Bei Offenstall- und Koppelhaltung sind die Zäune auf ihre Funktionstüchtigkeit zu überprüfen. Bei minus 10° ist nur schwer ein neuer Steher in den Boden zu rammen.
Die Stromversorgung hat zumeist auch spätestens bei den ersten Herbstwinden gelitten.
Unterstände sind wie die Boxen auszuräumen, zu renovieren und am Ende mit einer dicken Matte frischer Einstreu zu versehen.

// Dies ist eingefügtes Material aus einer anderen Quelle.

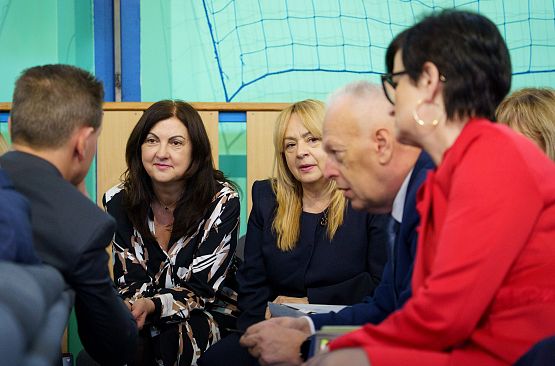 Grafika 4: 80-lecie Szkoły Podstawowej w Redkowicach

Bei den Unterständen ist darauf zu achten, dass ein funktionierende Drainage Wasser nach außen und nicht hinein leitet. Außerdem ist auf genug Platz (mindestens 10 m2) pro Pferd zu achten. Eingang und Ausgang sollen einerseits leicht passierbar sein da oftmals starke Leitpferde die Schwächeren nicht reinlassen indem sie den Eingang blockieren, andererseits aber so angelegt sein, dass Wind und Wetter nicht ungehindert reinpfeifen können.
   
Bevor man aber nun die neuen Stallungen mit den Bewohnern beschickt, sind diese auch gründlich zu „reinigen“. Und zwar innerlich.

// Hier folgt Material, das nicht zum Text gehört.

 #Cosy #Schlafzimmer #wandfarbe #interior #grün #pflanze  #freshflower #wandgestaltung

Eine Entwurmung entsprechend dem jeweiligen Befall ist die erste und wichtigste Maßnahme. Da jedes Wurmmittel wie auch jede andere Medizin auch gleichzeitig ein Gift ist, sollte man nur das  verwenden, was unbedingt notwendig und wirksam ist. Ihr Tierarzt gibt ihnen nach Untersuchung einer Kotprobe das optimale Präparat. Billig eingekaufte Mittel, die ohne vorherige Untersuchung auf Notwendigkeit und Wirksamkeit angewandt werden, können so wesentlich teurer kommen.
Und einmal mehr bedeutet dann „Gut gemeint ist das Gegenteil von gut gemacht“. Diesmal aber auf Kosten ihres Pferdes. Finger weg von Gelegenheitskäufen unter dem Ladentisch, im Stall oder im Internet. Die Untersuchung einer Kotprobe kostet ab € 5,00 und sie erhalten das Präparat, das tatsächlich hilft.
   
Als „vorbeugende Reinigung“ könnte man auch die Schutzimpfung bezeichnen. Der Winter ist die Zeit, in der vermehrt Infektionskeime auftreten und in der das Immunsystem ihres Tieres gefordert ist. Dazu muss man es aber vorher in die Lage versetzen zu reagieren. Das geschieht durch die richtige Schutzimpfung. Am häufigsten ist der Atmungstrakt betroffen. Dafür gibt es verschiedene Impfstoffe. Den jeweils optimalen für ihre Bedingungen kann ihnen der Haustierarzt in einem Beratungsgespräch empfehlen.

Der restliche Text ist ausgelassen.